Exercise material:
━━━━━━━━━━━━━━━━━━━━
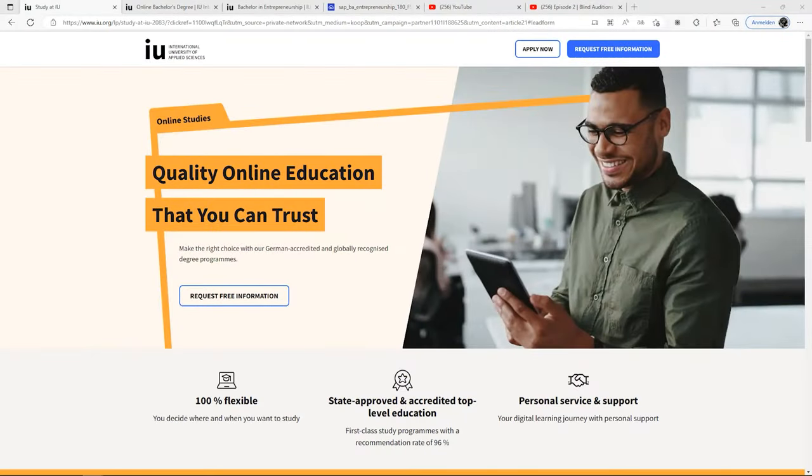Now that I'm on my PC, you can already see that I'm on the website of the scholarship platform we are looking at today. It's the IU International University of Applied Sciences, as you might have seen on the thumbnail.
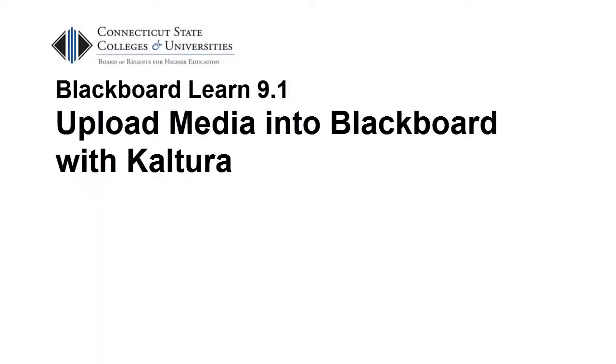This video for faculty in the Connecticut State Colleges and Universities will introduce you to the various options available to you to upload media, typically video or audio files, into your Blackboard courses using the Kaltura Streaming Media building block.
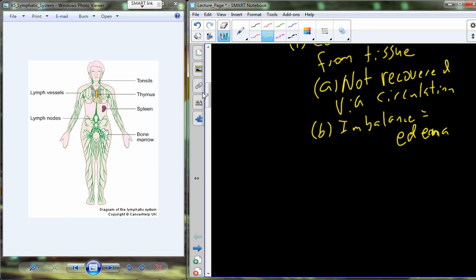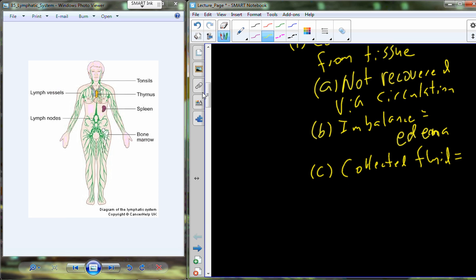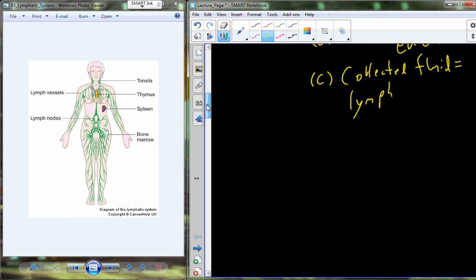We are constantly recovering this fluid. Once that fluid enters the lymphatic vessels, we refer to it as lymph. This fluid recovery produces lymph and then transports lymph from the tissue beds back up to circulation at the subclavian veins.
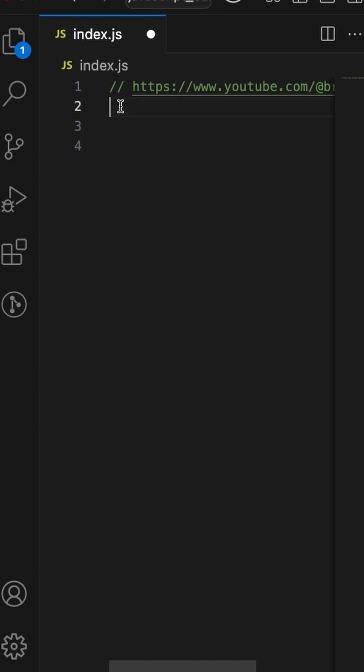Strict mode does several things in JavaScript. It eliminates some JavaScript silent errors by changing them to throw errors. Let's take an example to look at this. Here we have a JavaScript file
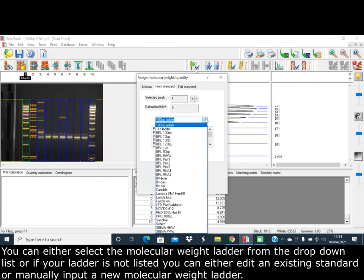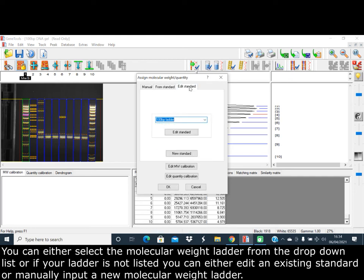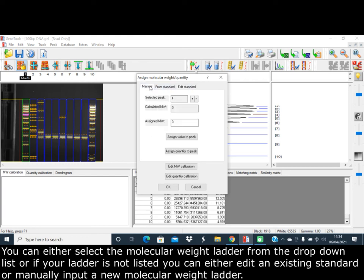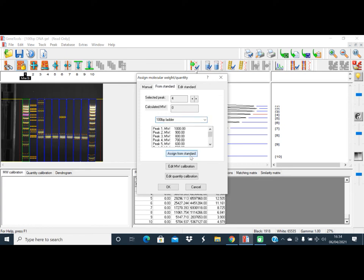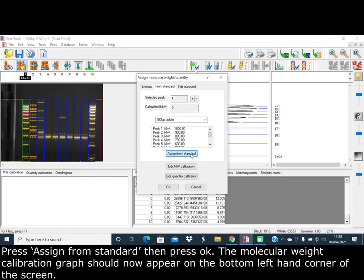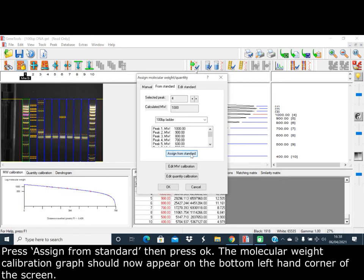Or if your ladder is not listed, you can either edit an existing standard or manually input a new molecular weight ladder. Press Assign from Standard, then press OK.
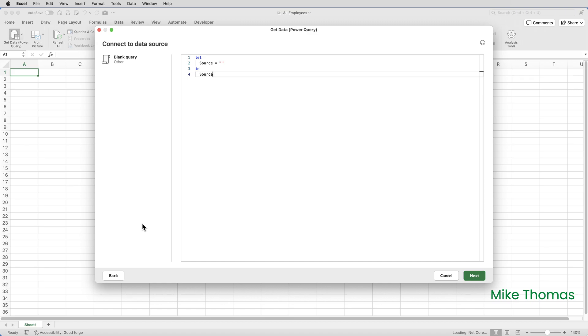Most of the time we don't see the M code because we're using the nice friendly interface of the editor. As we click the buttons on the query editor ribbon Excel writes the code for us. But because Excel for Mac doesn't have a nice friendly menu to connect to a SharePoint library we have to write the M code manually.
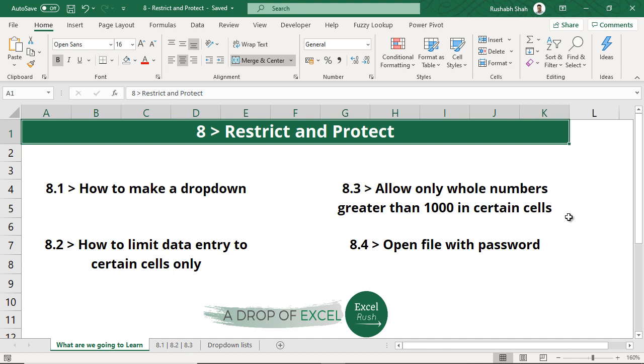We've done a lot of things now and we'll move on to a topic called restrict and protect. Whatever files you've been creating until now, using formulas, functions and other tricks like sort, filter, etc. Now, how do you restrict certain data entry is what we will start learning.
━━━━━━━━━━━━━━━━━━━━
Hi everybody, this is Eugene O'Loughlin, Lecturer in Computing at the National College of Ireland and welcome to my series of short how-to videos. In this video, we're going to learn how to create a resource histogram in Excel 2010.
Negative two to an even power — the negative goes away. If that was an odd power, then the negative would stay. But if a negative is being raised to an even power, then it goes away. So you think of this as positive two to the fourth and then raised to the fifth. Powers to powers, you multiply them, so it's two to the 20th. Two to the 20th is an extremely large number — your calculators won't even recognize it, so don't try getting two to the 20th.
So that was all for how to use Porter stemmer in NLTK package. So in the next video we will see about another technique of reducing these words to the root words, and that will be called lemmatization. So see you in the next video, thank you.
━━━━━━━━━━━━━━━━━━━━
Task statement:
Copy only the lines above from the one containing "We are constantly" through the one containing "We've done a", both included. Leave out the pictures.

Exercise result:
We are constantly recovering this fluid. Once that fluid enters the lymphatic vessels, we refer to it as lymph. This fluid recovery produces lymph and then transports lymph from the tissue beds back up to circulation at the subclavian veins.
Strict mode does several things in JavaScript. It eliminates some JavaScript silent errors by changing them to throw errors. Let's take an example to look at this. Here we have a JavaScript file
Or if your ladder is not listed, you can either edit an existing standard or manually input a new molecular weight ladder. Press Assign from Standard, then press OK.
Most of the time we don't see the M code because we're using the nice friendly interface of the editor. As we click the buttons on the query editor ribbon Excel writes the code for us. But because Excel for Mac doesn't have a nice friendly menu to connect to a SharePoint library we have to write the M code manually.
We've done a lot of things now and we'll move on to a topic called restrict and protect. Whatever files you've been creating until now, using formulas, functions and other tricks like sort, filter, etc. Now, how do you restrict certain data entry is what we will start learning.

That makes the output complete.